在老师的介绍中,提到一个词叫“苏秦背剑”,应该是武术中的一个动作名词吧,这是我第一次知道苏秦这个人,后来学历史,也下了些功夫来了解苏秦这个人,但始终形象模糊,一直如谜般的存于脑海中,似是而非的存留至今。
战国时期,在外交辞令中有个最为重要的词叫“合纵连横”,简单说就是山东六国联合起来抵御秦国为“合纵”,反之便为“连横”,即秦国联络和拉拢一些国家,共同进攻另外的国家,其具体实施的策略便是“远交近攻”。
这其中的代表人物就是被称为“纵横家”的苏秦和张仪,据说这二位都是鬼谷子的学生,苏秦搞“合纵”打秦国,张仪用“连横”打六国,二人将战国七雄当作玩偶,以中华大地为舞台,合演了一出中国历史上最为惨烈的“双簧”。
鬼谷子是一个神一样的人物,也是谜一样的人物,战国时期叱咤风云的人物,出其门下者多多,如孙膑、庞涓的一堆,张仪和苏秦也是他的优秀学生,当然,这是司马迁在《史记》中的说法。
司马迁记述的来源是《战国策》,将二人列为同时期之人,这其实是有问题的,据考证,二人虽在同一时期,却并不是一辈人,张仪在前而苏秦在后,同张仪对阵死磕的是公孙衍,这点在《大秦帝国》电视剧中得到正确的演绎。

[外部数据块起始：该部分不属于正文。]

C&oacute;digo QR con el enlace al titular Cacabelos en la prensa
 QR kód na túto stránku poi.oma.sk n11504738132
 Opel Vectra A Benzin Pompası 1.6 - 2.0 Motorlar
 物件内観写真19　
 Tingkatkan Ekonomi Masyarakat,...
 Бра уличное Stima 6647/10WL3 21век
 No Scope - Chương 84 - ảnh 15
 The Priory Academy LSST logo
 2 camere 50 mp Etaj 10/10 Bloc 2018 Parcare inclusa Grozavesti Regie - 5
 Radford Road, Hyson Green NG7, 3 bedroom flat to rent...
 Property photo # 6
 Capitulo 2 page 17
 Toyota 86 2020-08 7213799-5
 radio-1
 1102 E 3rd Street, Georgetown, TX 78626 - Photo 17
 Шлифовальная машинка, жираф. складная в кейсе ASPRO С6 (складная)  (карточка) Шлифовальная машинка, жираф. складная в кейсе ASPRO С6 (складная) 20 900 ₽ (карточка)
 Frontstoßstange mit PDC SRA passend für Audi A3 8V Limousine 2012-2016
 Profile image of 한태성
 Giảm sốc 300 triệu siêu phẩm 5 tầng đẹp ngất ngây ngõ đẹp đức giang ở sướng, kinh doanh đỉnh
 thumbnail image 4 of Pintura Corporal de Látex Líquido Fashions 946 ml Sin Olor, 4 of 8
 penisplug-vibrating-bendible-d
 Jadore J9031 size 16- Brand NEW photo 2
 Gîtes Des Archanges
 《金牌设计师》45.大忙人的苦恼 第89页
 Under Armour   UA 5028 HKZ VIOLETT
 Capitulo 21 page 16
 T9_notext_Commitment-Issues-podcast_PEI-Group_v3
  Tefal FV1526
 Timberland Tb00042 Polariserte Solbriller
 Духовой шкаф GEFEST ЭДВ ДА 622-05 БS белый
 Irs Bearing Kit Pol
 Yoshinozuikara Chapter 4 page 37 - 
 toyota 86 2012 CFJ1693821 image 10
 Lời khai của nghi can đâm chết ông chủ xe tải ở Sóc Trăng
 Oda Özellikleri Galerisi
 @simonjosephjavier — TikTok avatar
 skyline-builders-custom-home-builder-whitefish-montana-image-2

而《史记》则把苏秦的经历大约提早了近30年,这不是说司马公不严谨,作为一位生在西汉时期的人,经秦大规模焚书之后,参考资料奇缺,能够在史书中记下一笔已很是不易,我们实在不能对他老人家太苛求了。
《史记》中“苏秦列传”的风格几乎同短篇小说相近,带有浓厚的主观色彩,要说真假参半那是客气的,在主要史实中,大部分是不可信的。
因为,在近代出土的文物资料中,同司马迁的记述大相径庭,而这些资料形成的时间在司马迁之前,也是他当时没能看到的。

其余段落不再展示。